(Pictures with short captions)

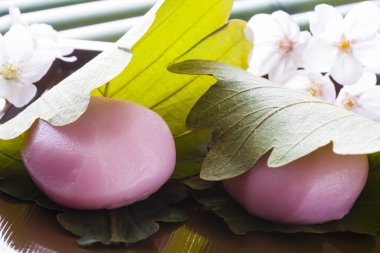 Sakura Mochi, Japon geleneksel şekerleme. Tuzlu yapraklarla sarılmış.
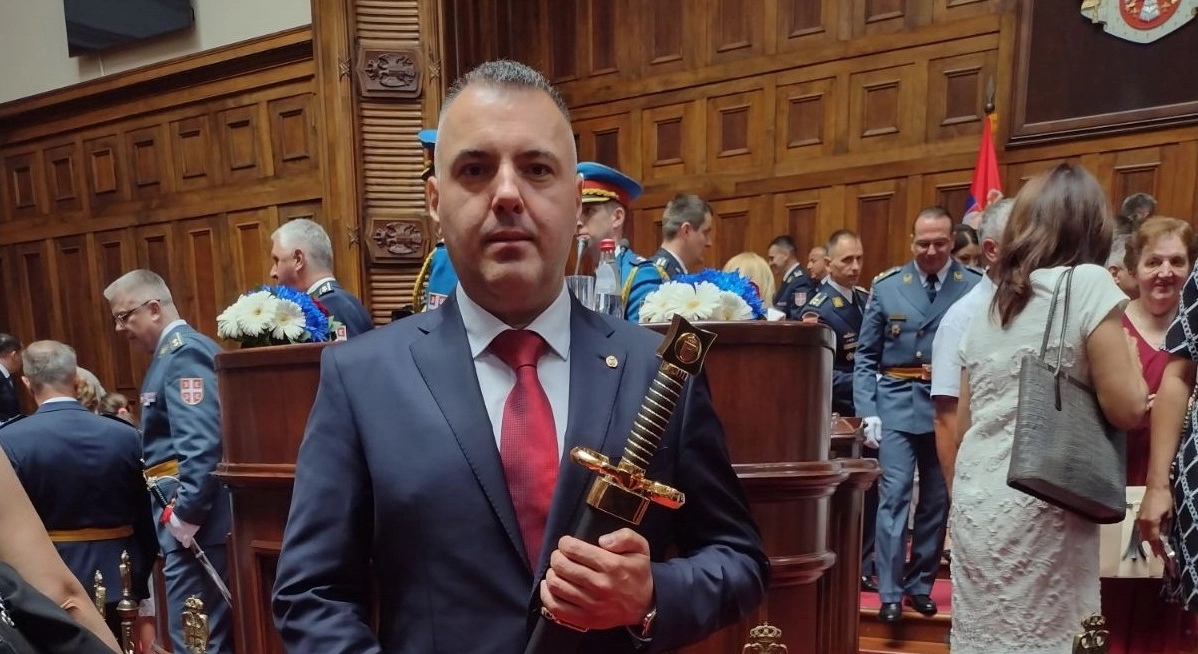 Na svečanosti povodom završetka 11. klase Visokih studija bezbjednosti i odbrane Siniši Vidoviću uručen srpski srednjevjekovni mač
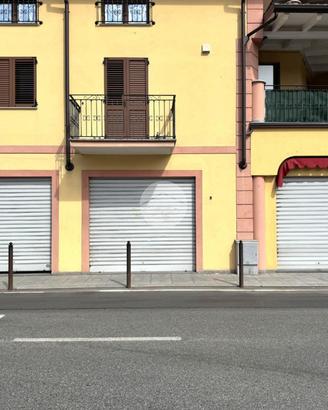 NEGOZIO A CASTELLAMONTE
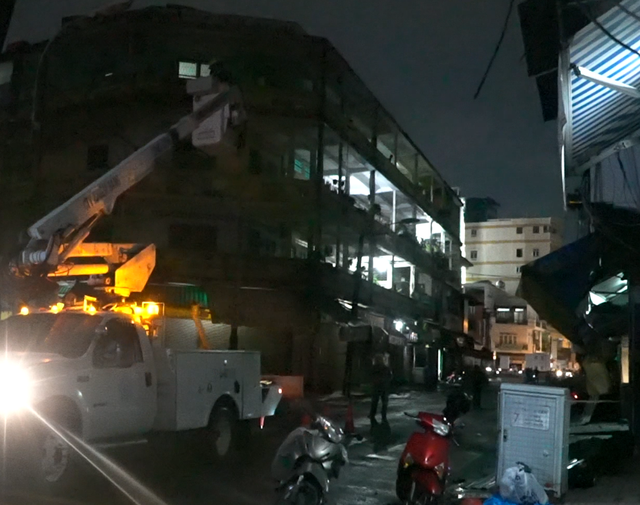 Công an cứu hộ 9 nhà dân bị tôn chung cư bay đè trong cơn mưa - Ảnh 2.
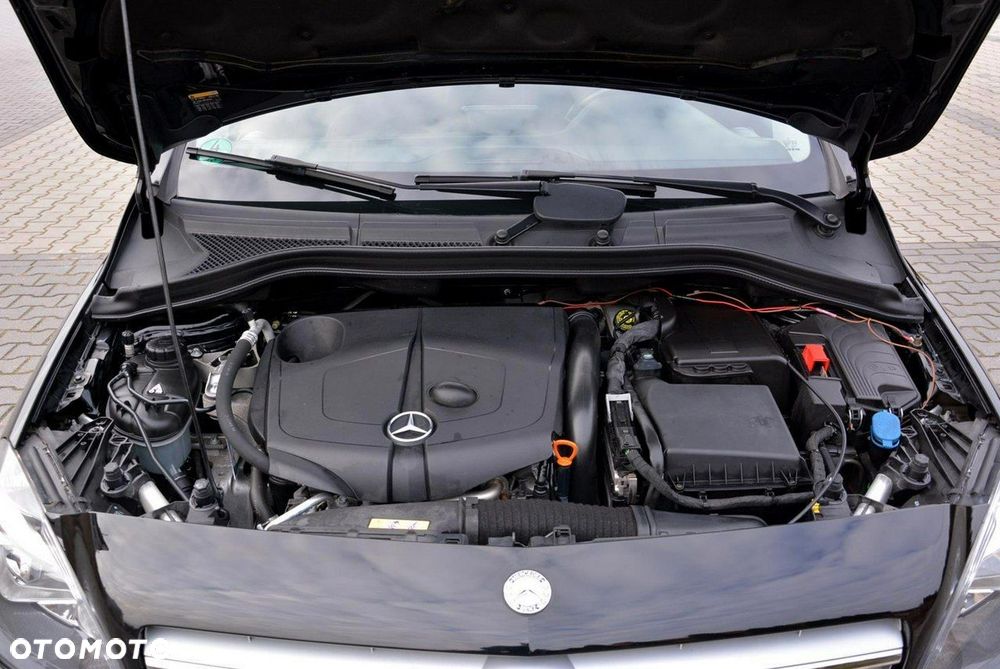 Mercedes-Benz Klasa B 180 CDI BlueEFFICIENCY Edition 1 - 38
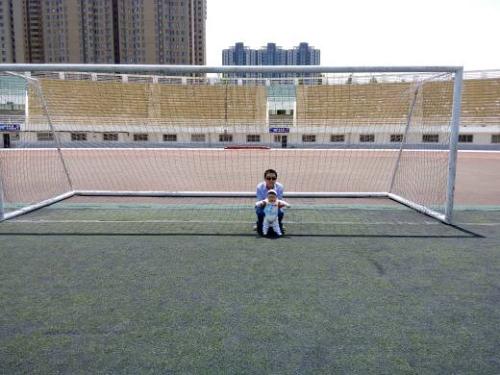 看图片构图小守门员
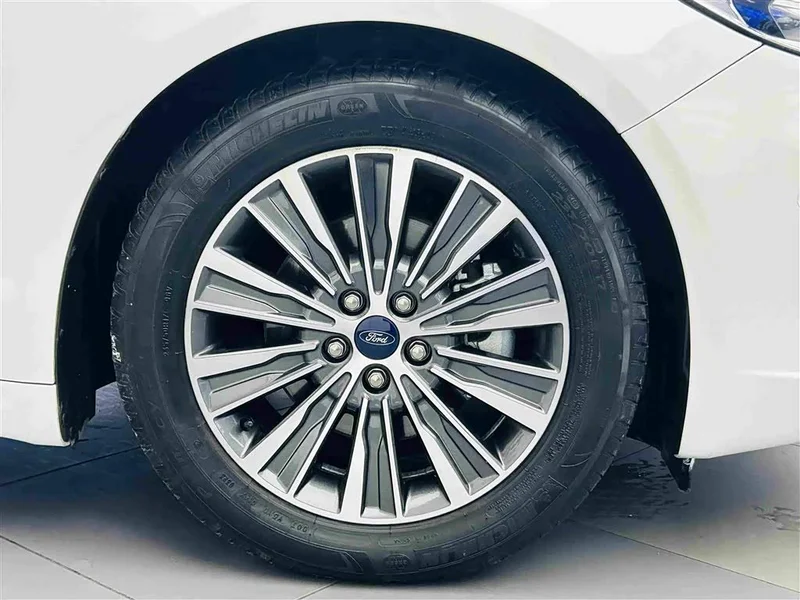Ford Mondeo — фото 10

**TASK OBJECTIVE**
Repeat the lines above exactly, beginning with the one containing "Na svečanosti povodom" and finishing with the one containing "Công an cứu". No pictures belong in the copy.

**EXERCISE OUTPUT**
 Na svečanosti povodom završetka 11. klase Visokih studija bezbjednosti i odbrane Siniši Vidoviću uručen srpski srednjevjekovni mač
 NEGOZIO A CASTELLAMONTE
 Công an cứu hộ 9 nhà dân bị tôn chung cư bay đè trong cơn mưa - Ảnh 2.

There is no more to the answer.